Some of the saints Msgr. Murphy portrayed have been either beatified or canonized: Blessed Miguel Pro, St. Toribio Romo and Blessed Anacleto González Flores.

St. Toribio has an interesting contemporary relevance for many Hispanics who have immigrated to the U.S. across the southern border.

Msgr. Murphy recounts how many immigrants who were in danger of death in desert areas around the border encountered a man in black who led them to safety. When leaving them, he invited them to visit him in his hometown of Santa Ana in Jalisco.

When they traveled there, they discovered at the shrine of St. Toribio an image of the priest who was martyred in 1928 and canonized in 2000 that looked just like the man in black who had saved their lives.

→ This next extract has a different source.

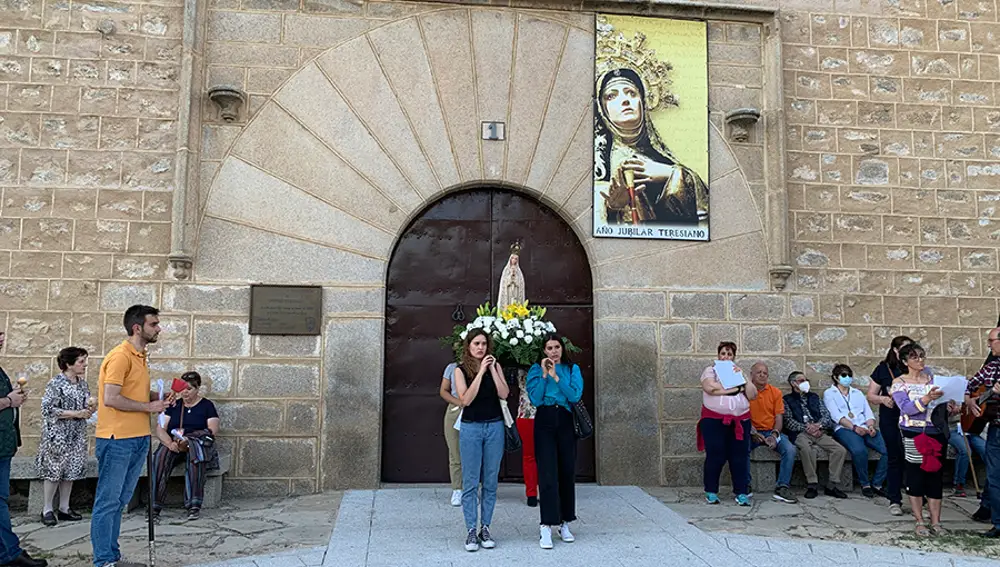 Procesión y rosario en Honor a la Virgen de Fátima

Others have not yet been recognized as saints. They include Archbishop Francisco Orozco y Jiménez of Guadalajara and the many largely nameless members of the Women’s Brigade, who went to great lengths and braved many dangers to bring material support to the fighters.

Among the sinners described by

Msgr. Murphy are many Mexican government leaders of the time, including President Plutarco Elías Calles and Tomás Garrido Canabal, governor at the time of Tabasco, a state in southern Mexico where the persecution of the Church was particularly brutal.

But he also includes a priest among the sinners: Father José Reyes Vega, a priest of the Guadalajara Archdiocese who took up arms in the Cristero War directly against the orders of Archbishop Orozco who, while suffering great persecution himself, was wholly opposed to violent resistance to the government.

Father Vega, who became a general in the Cristero army, easily made it to the list of sinners for several reasons, not the least of which included his ordering of an attack on a train thought to be carrying a shipment of gold and money in which 51 civilians died.

The Cristero War did not end with a culminating battlefield victory by either side in the struggle. By 1929, the two sides had fought to a stalemate, even though government troops were easily superior to the ragtag Cristeros in numbers and armaments.

The conflict—and the heightened persecution that brought it about—came to an end in 1929 largely through the intervention of Dwight Morrow, who served as U.S. ambassador to Mexico, and Paulist Father John Burke, who earlier led the effort to start what later became the U.S. Conference of Catholic Bishops.

In particular, it was the positive working relationship that Father Burke built with President Calles, despite the latter’s strong anti-Catholicism, that paved the way for peace.

Msgr. Murphy describes well the careful diplomatic tightrope walked by Morrow and Father Burke. Even though such details can be dry for many readers, Msgr. Murphy recounts them in ways that keeps their attention.

The entire lack of involvement of the Mexican bishops in the secretive peace process until close to its end, and then only in a limited manner, suggests an approach to theology in marked contrast to that commonly held today.

Since at least the Second Vatican Council, the theological understanding of the Church has emphasized a communion among all the faithful. From this is understood that, while the bishop of Rome is still recognized as the universal shepherd of the Church, all bishops form with him a college of co-equals, serving (in most cases) as the chief shepherd of their local Church.

Such an understanding of the episcopate seemed wholly absent in Father Burke’s peace efforts in which the Mexican bishops were largely kept in the dark and on the sidelines.

At the start of his book, Msgr. Murphy explained that he was motivated to write Saints and Sinners of the Cristero War in part because of a lack of works in English that tell the stories of key figures in the struggle.

That hole has now been ably filled by Msgr. Murphy who tells English-language audiences the compelling stories of these men and women in the broader context of Mexican history.